Work task:
Please write out all of the data below exactly, without including the pictures.

Collected material:
________________________

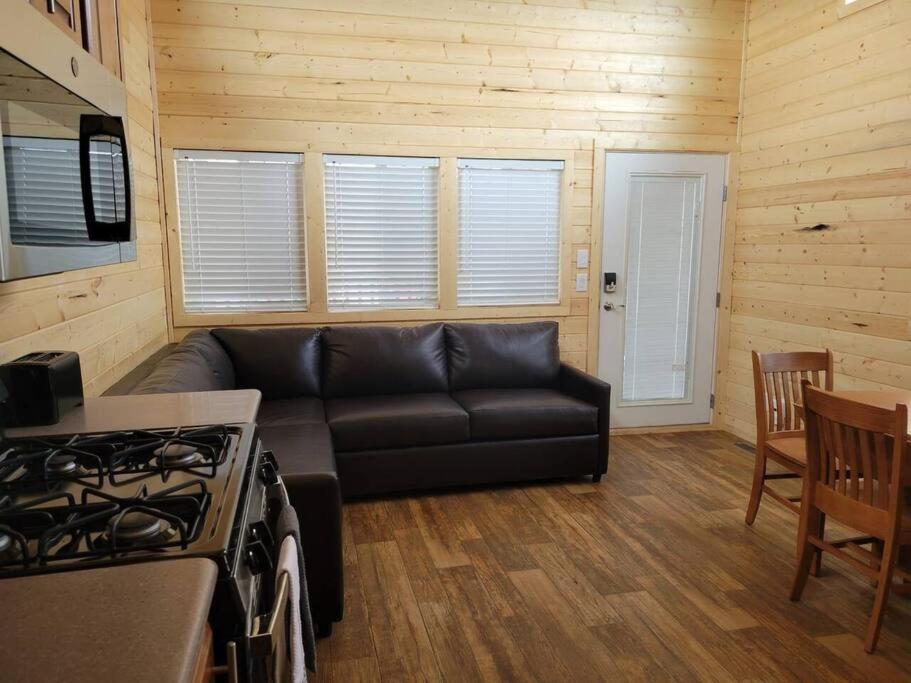 036 Tiny Nr Grand Canyon South Rim Sleeps 8 - Full Kitchen *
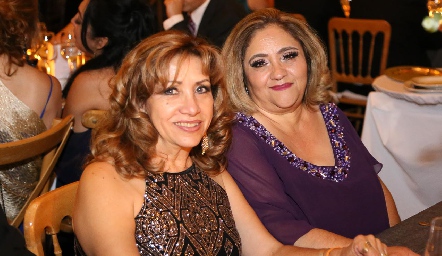  Alejandra Ruiz y Liz Gutiérrez.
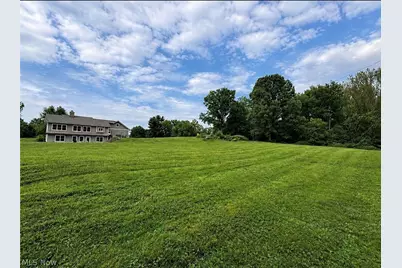 2976 Greenleaf Road, Akron, OH 44312 - Photo 3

________________________

Exercise answer:
 036 Tiny Nr Grand Canyon South Rim Sleeps 8 - Full Kitchen *
  Alejandra Ruiz y Liz Gutiérrez.
 2976 Greenleaf Road, Akron, OH 44312 - Photo 3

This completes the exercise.